• _Work instruction_
Your answer must be the lines from the one containing "68 Cottage Settings" through the last line of the records below, copied exactly, with the pictures left out.

== Data records ==

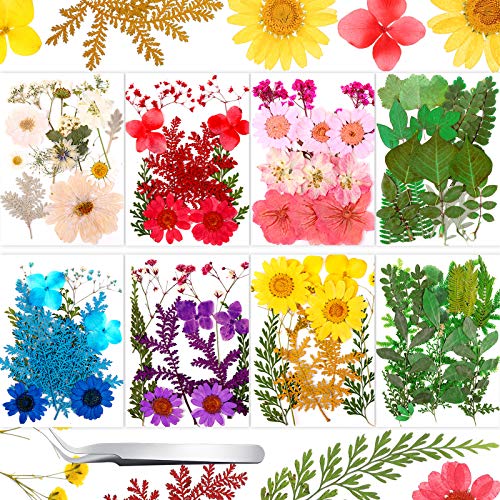 Nuanchu 109 Pieces Dried Pressed Flowers for Resin, Natural Pressed Dry Flowers Leaves Mixed Multiple Dried Flowers with Tweezer for DIY Art Nuanchu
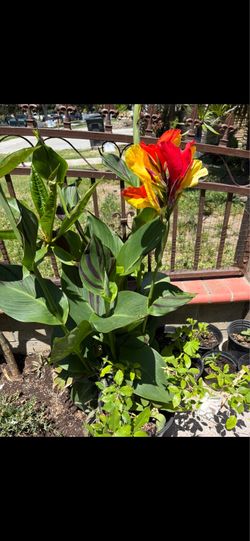 Yellow and red canna lily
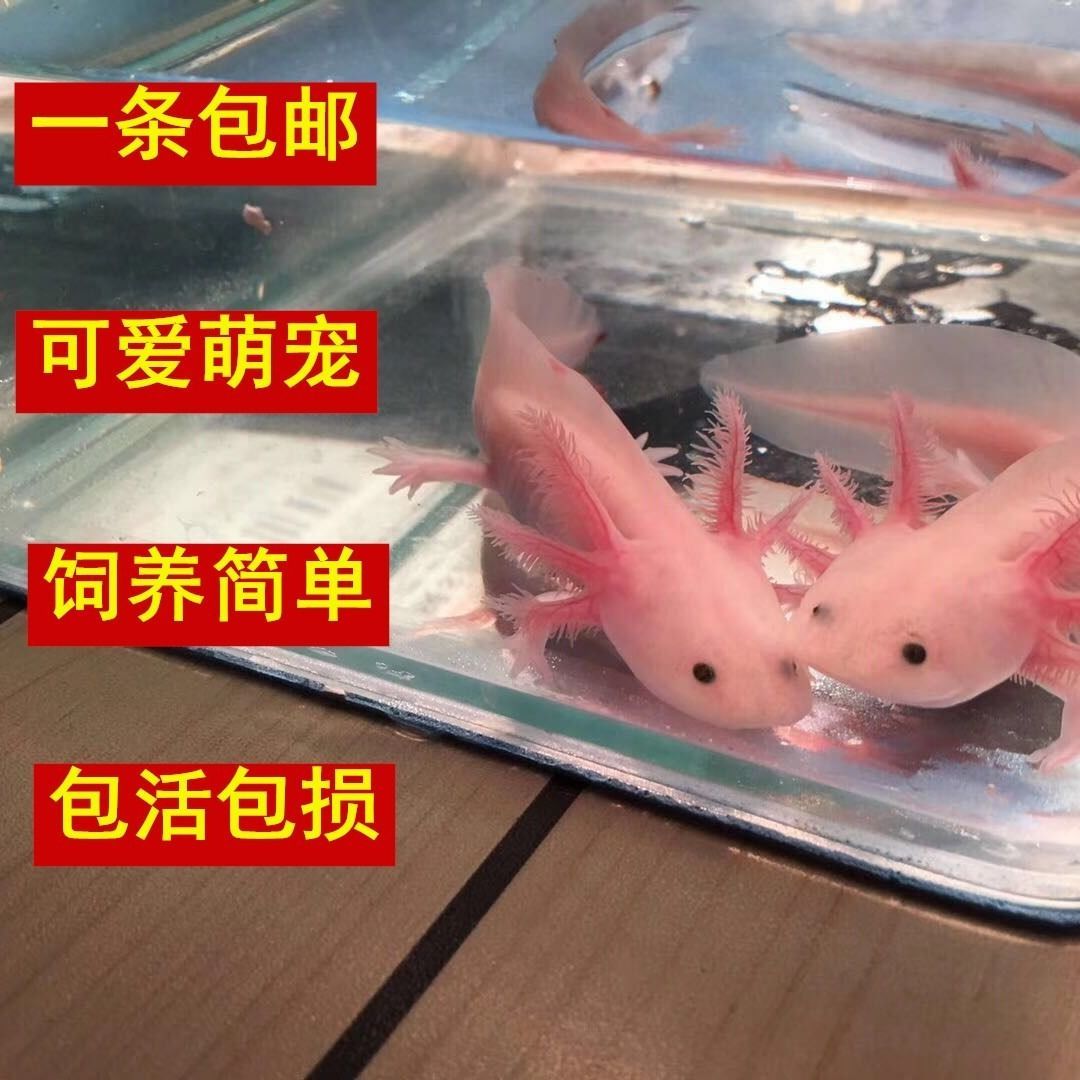 六角恐龍魚(yú)是淡水魚(yú)嗎：六角恐龍魚(yú)的飼養(yǎng)技巧 龍魚(yú)百科 第4張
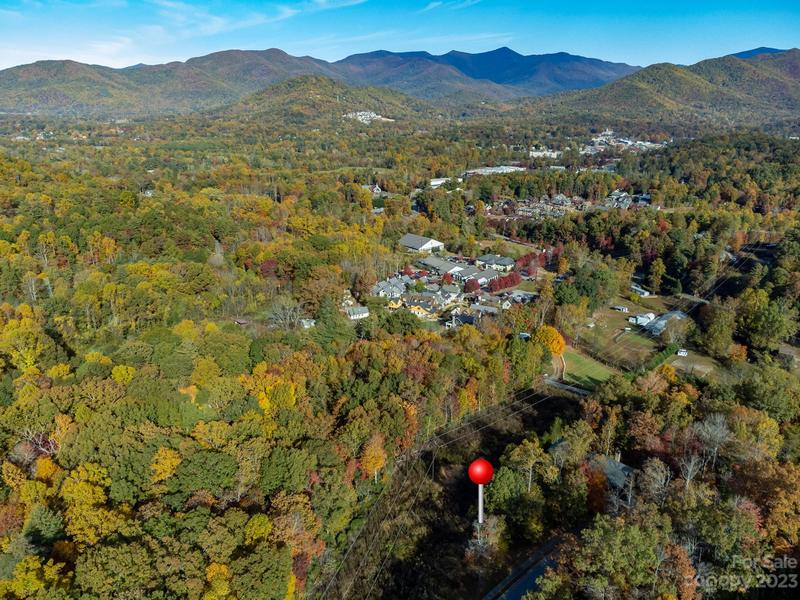 68 Cottage Settings Lane, Unit 290, Black Mountain, NC 28711 for Sale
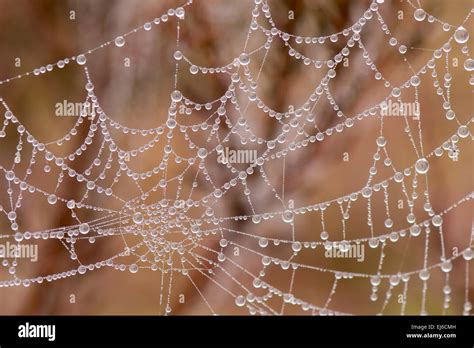 Spider Web with Pearl shaped dew drops Stock Photo - Alamy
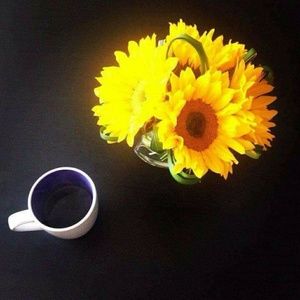 Meet your Posher, Neshy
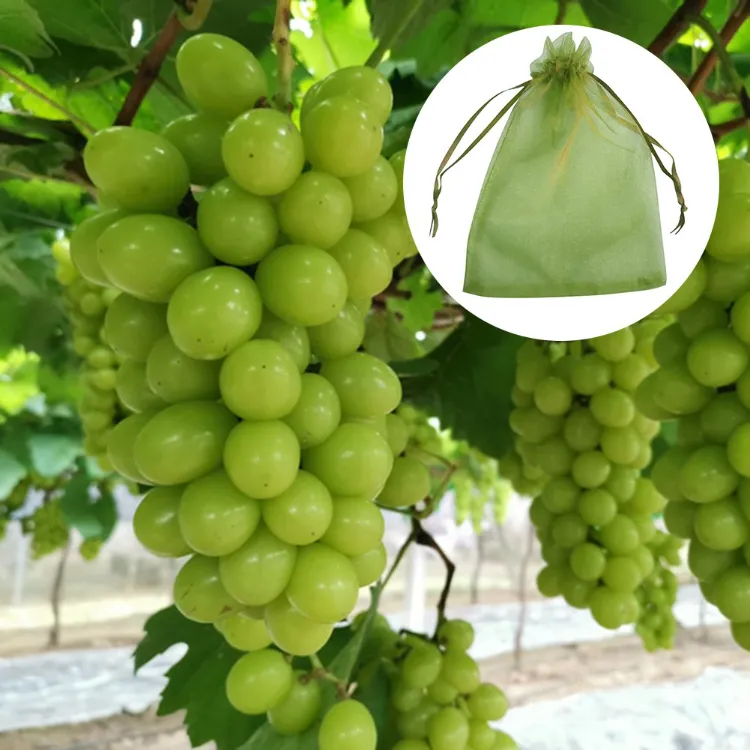 Wespen von Weintrauben fernhalten Hausmittel wie Trauben vor Insekten schützen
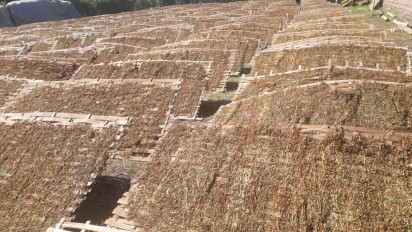 Diguyur Hujan Deras, Petani Tembakau di Enam Kecamatan di Probolinggo Rugi Puluhan Juta Rupiah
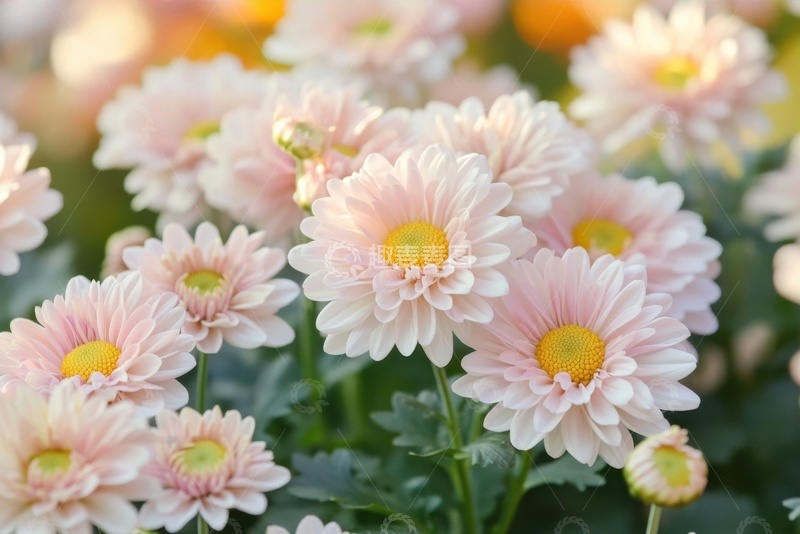 高清大图下载【趣麦麦图】-盛开的一簇菊花花丛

===

• _Exercise result_
 68 Cottage Settings Lane, Unit 290, Black Mountain, NC 28711 for Sale
 Spider Web with Pearl shaped dew drops Stock Photo - Alamy
 Meet your Posher, Neshy
 Wespen von Weintrauben fernhalten Hausmittel wie Trauben vor Insekten schützen
 Diguyur Hujan Deras, Petani Tembakau di Enam Kecamatan di Probolinggo Rugi Puluhan Juta Rupiah
 高清大图下载【趣麦麦图】-盛开的一簇菊花花丛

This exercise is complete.